Problem jest taki, że tego lata skończył mi się mój zapas Velvii. No i kiedyś miałam sposobność wywoływani slajdów za darmo poprzez kumpelę pracującą w labie. Teraz już nie mam takiej sposobności. A slajd nie jest tani tak w sklepie, jak i przy wywoływaniu. Postanowiłam więc zastąpić go filmem negatywowym, tyle że kompletnie się na tym nie znam. Zawsze śmigałam analogowo na Velvii - miałam zawsze jej pełną lodówkę :) - bo kupiłam jej sporo, po okazyjnej cenie, gdy zamykano hurtownię fotograficzną . I byłam z tej Velvii bardzo zadowolona.
JaZ99 pisze:Od siebie mogę powiedzieć, że po cyfrowej obróbce różnice między slajdem a negatywem są niewielkie,
Reasumując, jeżeli ktoś biegle śmiga na edytorze graficznym, to może sobie slajd (FUJI VELVIA 100) zastąpić dobrym filmem negatywowym (np. FUJI REALA 100) i wydruki nie stracą nic a nic na jakości.
Swoją drogą cieszę się, że polecacie mi tego „Kodaka Ektara 100”, bo właśnie kupiłam okazyjnie kilka pięciopaków – tak na próbę. Pytanko, czy ten polecany przez wszystkich film „FUJI REALA 100”, jest w podobnej klasie, co Kodak , czy lepsiawy?
dopiero jak zacząłem używać skryptu autorstwa kol. JaZ99, zaczęły mnie się podobać zdjęcia (kolory) z ektara.
A cóż to za skrypt autorstwa kol. JaZ99, jeżeli mogę zapytać? Bo i ja bym chciała, by mi się spodobały moje foty z Etkara
pasiasty pisze:Ale nawet najmniejszy wielkoformatowy slajd jest sam w sobie rzeczą piękną, a w 8x10 to się można zakochać od pierwszego wejrzenia.

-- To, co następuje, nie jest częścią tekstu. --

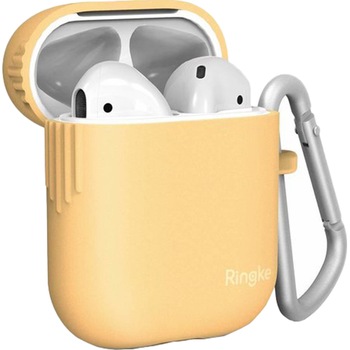 Husa Ringke pentru casti Apple Airpods, Maro Husa Ringke pentru casti Apple Airpods, Maro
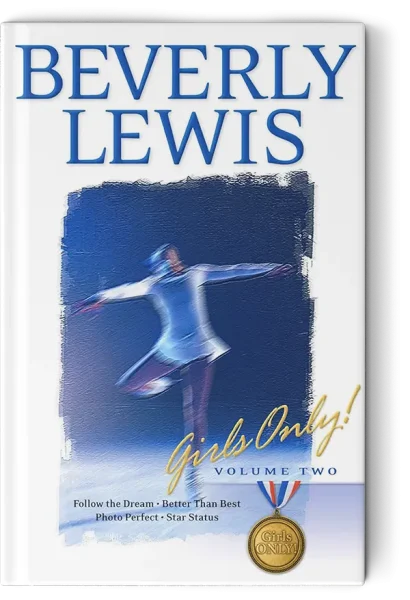 Blurry picture of a young female ice skater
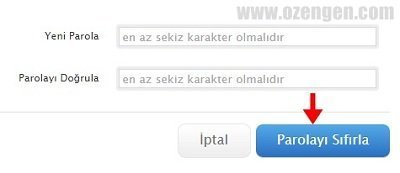 icloud yeni sifre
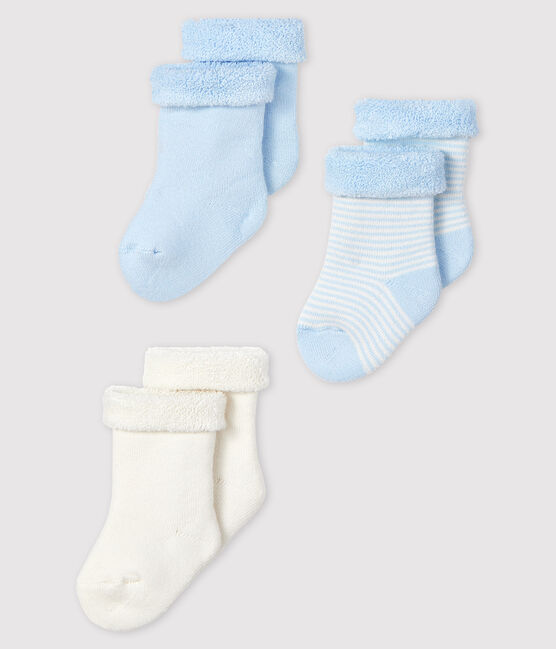Trio di calzine bebè lavorate a maglia variante 3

Slajd 8x10 piękna sprawa - tylko kogo stać na taki luksus? Dla mnie 8 strzałów 6x9 – to za mało. Nawet nie ma co o tym marzyć. Zbyt dużo razy widziałam sytuację, gdy znajomi porywali się na kolorowy format 4x5. I wolno wraz z pieniędzmi tracili serce do fotografii. Bo nie oszukujmy się, nie tylko więcej wydajesz, ale i wolniej budujesz swoje portfolio. A by tworzyć potrzebujesz podniet – sukcesów, szczególnie na początku swoje drogi fotograficznej. No chyba że robisz to zawodowo dla forsy i za forsę – to co innego.